‘The Broken Column’ and The Power of Art

The first, and thus far only, time that a painting has brought me to tears I was sitting in bed flicking through Frida Kahlo: Masterpieces of Art, by Julian Beecroft.  As my eyes glided over an image of The Dream (The Bed), 1940 on page 90, and settled on page 91, an unexpected bubble of emotion formed a lump in my throat and a swell in the centre of my chest.

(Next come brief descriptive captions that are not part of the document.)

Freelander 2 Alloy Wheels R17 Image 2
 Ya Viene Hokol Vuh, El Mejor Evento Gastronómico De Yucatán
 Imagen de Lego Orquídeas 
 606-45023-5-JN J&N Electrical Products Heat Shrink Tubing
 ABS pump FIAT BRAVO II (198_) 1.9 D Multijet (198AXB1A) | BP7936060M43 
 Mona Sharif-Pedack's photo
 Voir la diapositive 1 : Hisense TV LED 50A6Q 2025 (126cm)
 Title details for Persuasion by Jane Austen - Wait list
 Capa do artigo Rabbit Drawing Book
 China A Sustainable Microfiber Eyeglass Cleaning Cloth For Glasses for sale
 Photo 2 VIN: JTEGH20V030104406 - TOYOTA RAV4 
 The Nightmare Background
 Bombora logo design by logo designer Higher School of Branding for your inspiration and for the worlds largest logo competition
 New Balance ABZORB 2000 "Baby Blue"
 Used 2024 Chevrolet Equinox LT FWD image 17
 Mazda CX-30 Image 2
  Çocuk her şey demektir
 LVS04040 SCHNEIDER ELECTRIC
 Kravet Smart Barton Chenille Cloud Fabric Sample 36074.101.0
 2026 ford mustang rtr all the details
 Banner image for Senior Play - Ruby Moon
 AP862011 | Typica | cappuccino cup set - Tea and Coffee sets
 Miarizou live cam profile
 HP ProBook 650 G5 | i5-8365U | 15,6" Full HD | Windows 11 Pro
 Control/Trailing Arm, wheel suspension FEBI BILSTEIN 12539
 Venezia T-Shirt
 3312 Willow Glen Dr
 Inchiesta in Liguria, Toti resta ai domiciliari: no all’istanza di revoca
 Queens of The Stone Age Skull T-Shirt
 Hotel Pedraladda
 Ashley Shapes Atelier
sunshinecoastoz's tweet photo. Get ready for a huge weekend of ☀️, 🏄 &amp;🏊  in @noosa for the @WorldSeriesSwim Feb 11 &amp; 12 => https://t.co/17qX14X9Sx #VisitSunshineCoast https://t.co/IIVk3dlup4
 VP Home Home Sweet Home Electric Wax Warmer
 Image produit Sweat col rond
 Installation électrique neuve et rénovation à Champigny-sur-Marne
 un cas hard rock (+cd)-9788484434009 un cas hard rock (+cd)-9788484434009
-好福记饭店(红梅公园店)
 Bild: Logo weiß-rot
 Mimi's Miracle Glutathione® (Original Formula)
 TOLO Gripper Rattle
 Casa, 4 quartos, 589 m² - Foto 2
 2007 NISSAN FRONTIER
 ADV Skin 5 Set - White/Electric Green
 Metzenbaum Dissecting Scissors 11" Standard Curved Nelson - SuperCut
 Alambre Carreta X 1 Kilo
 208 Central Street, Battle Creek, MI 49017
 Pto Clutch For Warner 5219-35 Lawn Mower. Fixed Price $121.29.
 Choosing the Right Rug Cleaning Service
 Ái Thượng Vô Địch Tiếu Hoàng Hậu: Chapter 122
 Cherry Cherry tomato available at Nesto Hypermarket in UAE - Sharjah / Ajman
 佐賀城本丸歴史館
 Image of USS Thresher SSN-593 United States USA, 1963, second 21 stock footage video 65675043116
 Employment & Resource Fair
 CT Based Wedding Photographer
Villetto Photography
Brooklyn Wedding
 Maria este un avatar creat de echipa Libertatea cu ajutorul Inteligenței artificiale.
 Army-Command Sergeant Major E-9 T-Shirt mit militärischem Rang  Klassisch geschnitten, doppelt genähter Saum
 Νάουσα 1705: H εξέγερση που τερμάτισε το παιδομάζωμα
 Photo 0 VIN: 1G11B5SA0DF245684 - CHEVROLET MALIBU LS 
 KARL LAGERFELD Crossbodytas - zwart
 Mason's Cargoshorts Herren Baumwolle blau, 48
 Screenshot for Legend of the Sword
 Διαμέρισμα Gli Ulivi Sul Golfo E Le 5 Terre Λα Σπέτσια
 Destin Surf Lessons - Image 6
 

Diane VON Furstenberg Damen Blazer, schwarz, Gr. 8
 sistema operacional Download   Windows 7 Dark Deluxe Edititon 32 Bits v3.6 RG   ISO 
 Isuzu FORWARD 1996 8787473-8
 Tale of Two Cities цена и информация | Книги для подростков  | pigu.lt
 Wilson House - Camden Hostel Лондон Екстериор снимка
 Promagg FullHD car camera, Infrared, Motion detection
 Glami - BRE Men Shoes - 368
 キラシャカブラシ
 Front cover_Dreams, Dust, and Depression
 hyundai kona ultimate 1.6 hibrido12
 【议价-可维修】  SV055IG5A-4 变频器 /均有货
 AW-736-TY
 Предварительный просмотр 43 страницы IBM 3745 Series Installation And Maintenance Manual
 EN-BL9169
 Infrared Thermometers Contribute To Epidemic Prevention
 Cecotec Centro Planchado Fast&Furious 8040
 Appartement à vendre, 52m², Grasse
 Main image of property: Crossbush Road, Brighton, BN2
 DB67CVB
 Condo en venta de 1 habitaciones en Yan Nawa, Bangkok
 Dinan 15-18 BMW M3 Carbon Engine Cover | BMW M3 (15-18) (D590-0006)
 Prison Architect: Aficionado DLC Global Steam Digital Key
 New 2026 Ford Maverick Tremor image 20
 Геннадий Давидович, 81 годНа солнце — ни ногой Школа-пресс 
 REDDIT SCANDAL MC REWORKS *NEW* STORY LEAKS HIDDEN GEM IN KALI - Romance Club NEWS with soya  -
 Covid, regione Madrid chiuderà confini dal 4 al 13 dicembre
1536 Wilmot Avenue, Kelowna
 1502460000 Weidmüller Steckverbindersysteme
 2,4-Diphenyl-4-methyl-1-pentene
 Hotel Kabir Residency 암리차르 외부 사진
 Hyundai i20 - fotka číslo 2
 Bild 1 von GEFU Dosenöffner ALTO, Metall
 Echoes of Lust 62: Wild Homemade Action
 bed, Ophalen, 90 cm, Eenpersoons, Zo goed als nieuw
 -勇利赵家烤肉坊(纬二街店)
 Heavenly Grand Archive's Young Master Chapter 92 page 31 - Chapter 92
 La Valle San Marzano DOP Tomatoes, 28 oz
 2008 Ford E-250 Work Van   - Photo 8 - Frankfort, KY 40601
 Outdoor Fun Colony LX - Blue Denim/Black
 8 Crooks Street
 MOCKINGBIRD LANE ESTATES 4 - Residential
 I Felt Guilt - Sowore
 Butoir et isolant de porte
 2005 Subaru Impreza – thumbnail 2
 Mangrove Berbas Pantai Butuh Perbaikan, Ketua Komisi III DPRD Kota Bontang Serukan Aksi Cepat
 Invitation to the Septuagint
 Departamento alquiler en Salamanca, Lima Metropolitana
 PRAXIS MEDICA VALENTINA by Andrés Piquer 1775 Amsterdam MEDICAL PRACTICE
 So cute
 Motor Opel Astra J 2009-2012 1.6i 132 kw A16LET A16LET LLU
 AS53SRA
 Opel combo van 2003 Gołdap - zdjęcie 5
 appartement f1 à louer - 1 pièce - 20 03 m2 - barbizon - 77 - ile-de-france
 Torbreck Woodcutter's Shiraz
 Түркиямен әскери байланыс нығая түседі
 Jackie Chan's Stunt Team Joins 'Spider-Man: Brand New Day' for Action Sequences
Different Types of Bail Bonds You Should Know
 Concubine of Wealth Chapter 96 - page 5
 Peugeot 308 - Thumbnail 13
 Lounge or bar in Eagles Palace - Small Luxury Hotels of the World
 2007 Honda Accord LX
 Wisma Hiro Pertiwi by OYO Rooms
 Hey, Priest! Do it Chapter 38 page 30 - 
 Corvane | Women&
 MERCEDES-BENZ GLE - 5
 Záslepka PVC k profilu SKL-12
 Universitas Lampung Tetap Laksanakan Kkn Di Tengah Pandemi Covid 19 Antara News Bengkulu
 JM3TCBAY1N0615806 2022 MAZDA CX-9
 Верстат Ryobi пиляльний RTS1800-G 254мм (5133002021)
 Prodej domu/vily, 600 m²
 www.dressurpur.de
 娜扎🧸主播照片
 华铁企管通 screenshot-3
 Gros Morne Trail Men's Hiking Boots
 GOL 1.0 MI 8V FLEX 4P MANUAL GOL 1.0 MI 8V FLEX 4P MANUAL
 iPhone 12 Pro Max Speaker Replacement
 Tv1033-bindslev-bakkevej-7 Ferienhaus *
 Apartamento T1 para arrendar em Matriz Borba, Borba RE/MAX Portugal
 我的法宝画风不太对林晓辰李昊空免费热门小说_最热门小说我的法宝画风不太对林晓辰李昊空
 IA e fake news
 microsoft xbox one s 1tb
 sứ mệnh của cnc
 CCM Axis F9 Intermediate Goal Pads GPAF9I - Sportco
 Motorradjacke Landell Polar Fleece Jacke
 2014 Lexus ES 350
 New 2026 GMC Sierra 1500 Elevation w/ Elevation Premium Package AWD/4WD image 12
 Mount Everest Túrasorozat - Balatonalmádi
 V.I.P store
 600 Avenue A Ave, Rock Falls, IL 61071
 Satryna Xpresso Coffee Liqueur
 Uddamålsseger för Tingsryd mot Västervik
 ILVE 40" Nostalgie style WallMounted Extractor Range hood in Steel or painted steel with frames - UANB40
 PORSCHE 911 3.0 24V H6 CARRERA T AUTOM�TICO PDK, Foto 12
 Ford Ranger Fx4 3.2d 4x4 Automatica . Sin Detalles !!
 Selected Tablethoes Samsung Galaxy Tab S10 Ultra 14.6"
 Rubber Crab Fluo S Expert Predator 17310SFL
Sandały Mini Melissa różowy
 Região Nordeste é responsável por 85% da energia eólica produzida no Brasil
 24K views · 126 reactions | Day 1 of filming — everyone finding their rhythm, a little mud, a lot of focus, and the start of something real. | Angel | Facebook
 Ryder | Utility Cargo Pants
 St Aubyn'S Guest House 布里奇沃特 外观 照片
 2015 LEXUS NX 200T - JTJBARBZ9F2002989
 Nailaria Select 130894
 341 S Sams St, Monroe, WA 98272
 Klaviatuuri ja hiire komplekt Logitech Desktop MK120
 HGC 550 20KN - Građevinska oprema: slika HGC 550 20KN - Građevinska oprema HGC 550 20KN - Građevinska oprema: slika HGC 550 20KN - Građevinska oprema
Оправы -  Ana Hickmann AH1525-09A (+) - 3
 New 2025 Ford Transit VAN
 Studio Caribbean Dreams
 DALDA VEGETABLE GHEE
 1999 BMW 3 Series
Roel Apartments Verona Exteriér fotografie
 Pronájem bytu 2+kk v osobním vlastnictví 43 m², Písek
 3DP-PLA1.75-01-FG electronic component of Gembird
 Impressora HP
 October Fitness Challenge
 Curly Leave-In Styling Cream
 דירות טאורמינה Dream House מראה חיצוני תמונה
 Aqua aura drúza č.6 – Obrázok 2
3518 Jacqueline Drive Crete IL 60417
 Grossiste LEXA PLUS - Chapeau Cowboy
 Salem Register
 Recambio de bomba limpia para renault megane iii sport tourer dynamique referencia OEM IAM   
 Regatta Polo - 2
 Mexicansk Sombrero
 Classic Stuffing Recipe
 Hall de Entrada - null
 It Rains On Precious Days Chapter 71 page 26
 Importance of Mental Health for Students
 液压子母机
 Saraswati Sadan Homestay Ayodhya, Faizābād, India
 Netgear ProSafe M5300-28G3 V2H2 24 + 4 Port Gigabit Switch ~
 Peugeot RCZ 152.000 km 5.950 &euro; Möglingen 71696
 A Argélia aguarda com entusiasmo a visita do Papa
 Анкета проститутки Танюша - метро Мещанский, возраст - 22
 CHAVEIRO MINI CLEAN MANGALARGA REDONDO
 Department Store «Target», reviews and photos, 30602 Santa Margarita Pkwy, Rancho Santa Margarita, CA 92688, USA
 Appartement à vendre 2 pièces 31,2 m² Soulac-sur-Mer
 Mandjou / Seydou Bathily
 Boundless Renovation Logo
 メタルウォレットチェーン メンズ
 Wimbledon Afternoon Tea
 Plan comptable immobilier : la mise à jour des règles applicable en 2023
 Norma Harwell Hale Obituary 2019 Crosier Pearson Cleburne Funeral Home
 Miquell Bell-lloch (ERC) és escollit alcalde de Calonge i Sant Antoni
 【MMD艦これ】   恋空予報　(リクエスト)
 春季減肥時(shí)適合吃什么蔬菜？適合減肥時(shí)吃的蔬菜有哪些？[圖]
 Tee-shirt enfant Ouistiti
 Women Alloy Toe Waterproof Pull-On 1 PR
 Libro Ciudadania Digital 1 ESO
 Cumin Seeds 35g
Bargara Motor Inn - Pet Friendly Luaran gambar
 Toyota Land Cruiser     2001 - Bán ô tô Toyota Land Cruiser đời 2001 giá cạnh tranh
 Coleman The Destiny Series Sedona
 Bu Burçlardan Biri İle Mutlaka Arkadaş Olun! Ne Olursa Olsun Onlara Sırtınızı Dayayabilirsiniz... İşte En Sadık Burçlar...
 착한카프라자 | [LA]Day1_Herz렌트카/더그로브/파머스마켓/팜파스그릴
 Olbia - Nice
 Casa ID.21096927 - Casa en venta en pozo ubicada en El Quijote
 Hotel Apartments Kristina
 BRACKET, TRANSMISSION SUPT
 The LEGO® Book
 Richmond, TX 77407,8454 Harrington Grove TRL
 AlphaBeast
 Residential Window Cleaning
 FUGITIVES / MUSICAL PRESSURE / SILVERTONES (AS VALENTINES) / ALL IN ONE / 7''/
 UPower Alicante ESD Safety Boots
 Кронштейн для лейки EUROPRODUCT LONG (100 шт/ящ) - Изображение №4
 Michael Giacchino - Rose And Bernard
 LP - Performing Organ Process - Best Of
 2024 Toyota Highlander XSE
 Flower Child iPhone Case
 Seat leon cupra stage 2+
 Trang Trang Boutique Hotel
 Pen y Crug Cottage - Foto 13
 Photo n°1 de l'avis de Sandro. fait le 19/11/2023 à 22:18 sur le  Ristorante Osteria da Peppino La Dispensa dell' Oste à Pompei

Frida’s stoic, pleading, tired eyes, staring out from the glossy page below, pierced my own – they watched me watching her.  Though brown to my blue I saw something of myself reflected back at me.  A flicker of recognition, of understanding, registered in the pit of my stomach.  A silent communication transcended the rules of time and space, connecting me to a woman I knew only through the pages of books.  Understood only through the medium of oil paint and pencil viewed through the tinted-lens of my own lived experience.

The Broken Column (aka The Shattered Column), 1944. 

Oil on Masonite, 33 x 43 cm (13 x 17 in). 

Museo Dolores Olmedo, Mexico City.

In Frida’s painting I saw her pain.  I felt it.

I felt the unrelenting drain that it is to live with head-to-toe pain – the mental and physical fatigue that accompanies it.  Though our causes differ vastly, I knew the imagery.  I knew the metal nails, I knew the restrictive straps, I knew the altered sensations.  The Broken Column could be as much a depiction of multiple sclerosis as it is of Frida’s own impairments.

But it is a painting about so much more than physical suffering.

In the shattering stone of her spine I felt her fear.  Her fear at the continual disintegration of her body.  My fear.  My body.  My shattering stone spine.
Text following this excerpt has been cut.